[Opening Extracted records section]

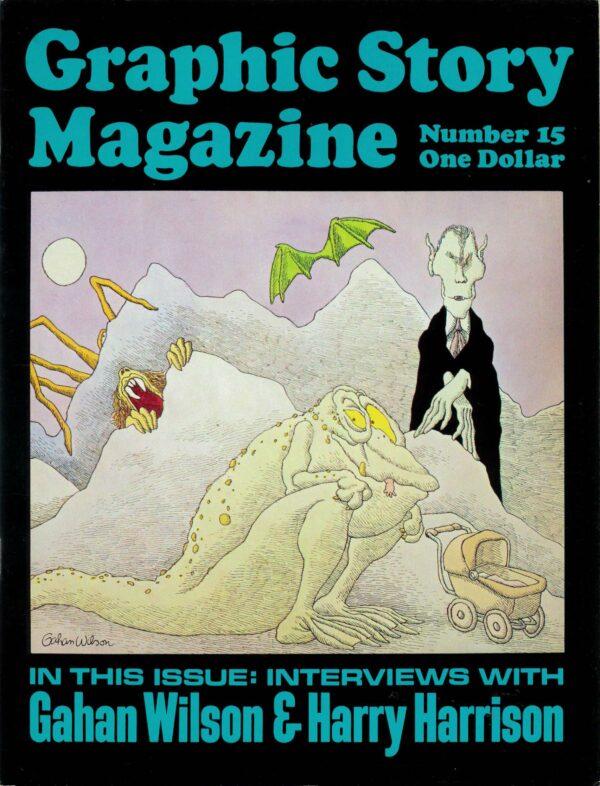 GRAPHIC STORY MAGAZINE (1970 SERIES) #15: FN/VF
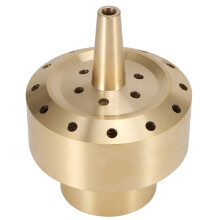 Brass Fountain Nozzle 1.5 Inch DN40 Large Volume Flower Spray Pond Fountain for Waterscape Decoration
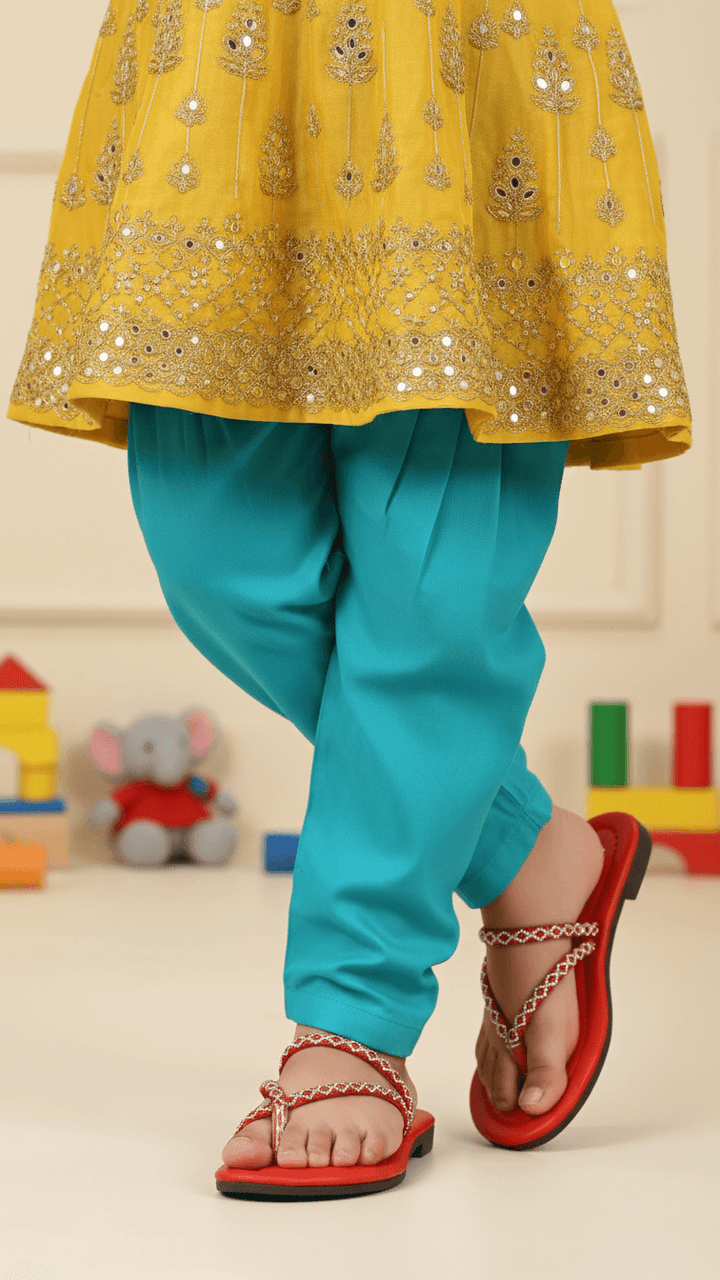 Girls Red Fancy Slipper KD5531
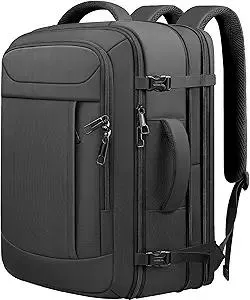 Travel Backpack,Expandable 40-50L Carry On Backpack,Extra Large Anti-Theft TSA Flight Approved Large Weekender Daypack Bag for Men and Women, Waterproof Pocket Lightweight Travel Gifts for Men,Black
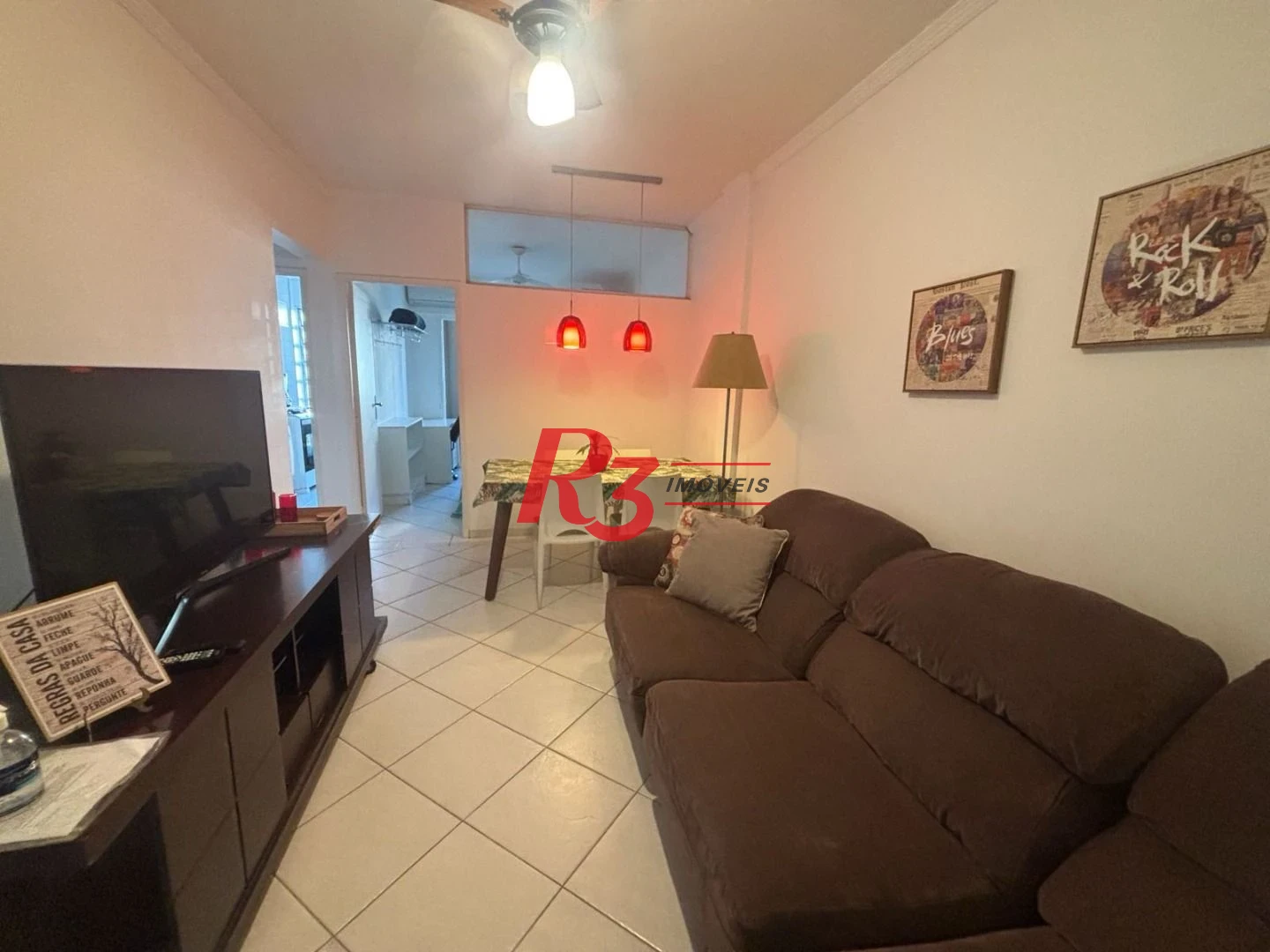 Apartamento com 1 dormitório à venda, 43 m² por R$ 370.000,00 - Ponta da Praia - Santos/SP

[Closing Extracted records section]

Apart from the pictures, return the records exactly.

# Exercise answer
 GRAPHIC STORY MAGAZINE (1970 SERIES) #15: FN/VF
 Brass Fountain Nozzle 1.5 Inch DN40 Large Volume Flower Spray Pond Fountain for Waterscape Decoration
 Girls Red Fancy Slipper KD5531
 Travel Backpack,Expandable 40-50L Carry On Backpack,Extra Large Anti-Theft TSA Flight Approved Large Weekender Daypack Bag for Men and Women, Waterproof Pocket Lightweight Travel Gifts for Men,Black
 Apartamento com 1 dormitório à venda, 43 m² por R$ 370.000,00 - Ponta da Praia - Santos/SP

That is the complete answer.